Strong job growth, low interest rates and too few listings continue to stoke homebuyer demand in Orange County, Laguna Hills, and across Southern California, driving up prices and boosting sales, housing market watcher CoreLogic reported Monday.
Homebuying soared 14.5 percent in August, rising year over year to 3,633 transactions. That’s the highest number of transactions for an August in 11 years, CoreLogic figures show.
The calendar may provide one possible explanation for last month’s increase. There were two extra business days than in August 2015. That boosted last month’s sales by at least 300.
But that alone didn’t account for improved sales or higher home prices.
Home sales averaged 158 transactions per day last month, vs. 151 per day in August 2015.
Meanwhile, the median price of an Orange County home – or price at the midpoint of all sales – jumped 6.4 percent to $649,000, the third-highest median on record.
“The big picture is that the housing market continues to edge back toward normalcy in the wake of the worst housing bust in modern history,” said CoreLogic research analyst Andrew LePage.
Finding agents to comment about the housing market was tough Monday.

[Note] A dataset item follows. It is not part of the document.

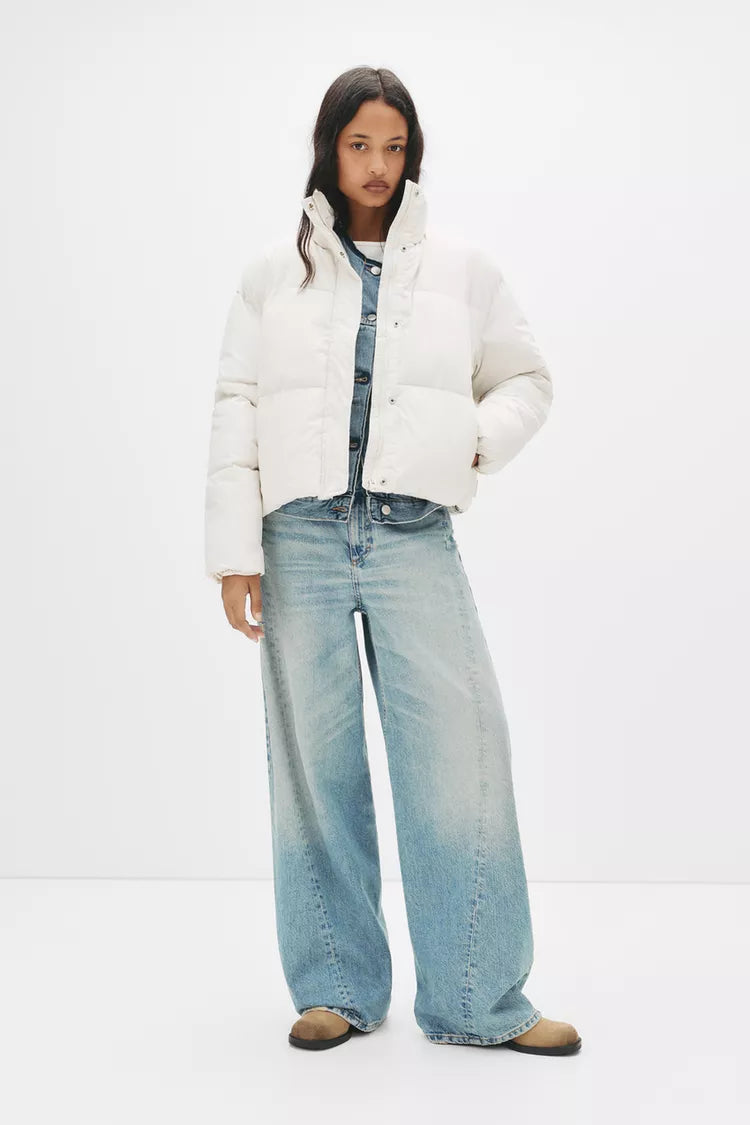 White short padded jacket with high collar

Many said they were too busy to talk.
“I have a lot of listings, and a lot of them are in escrow,” said Al. “Cheap lending” and large numbers of international buyers continue to generate competition among buyers, he said.
“Lack of inventory is causing the prices to go up,” added Chuck
Mortgage appraisers sometimes are skeptical of the price gains, valuing properties below their sale price, Chuck said.
For example, a three-bedroom house he sold for $750,000 in Orange appraised at $700,000, forcing the seller to drop his price by $25,000 and the buyer to cough up a larger down payment to keep the deal alive.
“Demand is high, so prices continue to go up,” said Steve Thomas, author of the ReportsOnHousing.com inventory report. “This low-interest-rate environment is maintaining affordability and keeping demand hot.”
How low are rates?
Freddie Mac’s weekly survey shows the rate for a 30-year, fixed-rate mortgage hovered just above record lows for the past year, averaging 3.7 percent.
How low is inventory?
The supply of homes listed for sale for $500,000 or less fell to 1,373 in August, compared with an average of nearly 2,000 sub-$500,000 listings the previous three Augusts.
As a result, sales of homes for under $500,000 fell 9.6 percent last month, while sales for homes priced $700,000 and above rose 26.7 percent.
Brea real estate consultant Pat Veling of Real Data Strategies called that “price creep.” Homes selling for $500,000 last year now sell for $600,000 and above, he said. Homes selling for $850,000 two years ago now go for more than $1 million.
Agent Brenda wondered how homebuyers can continue paying $700,000 to $750,000 for homes in the Huntington Village neighborhood in which she specializes. In a county where the median household income is just above $87,000, she’s hearing some buyers complain about the lack of affordability.
“There are some people who are saying, ‘I’m waiting for prices to go down.’ That’s not going to happen,” Brenda said. “To qualify for a $500,000 home, you have to make $80,000 to $100,000.”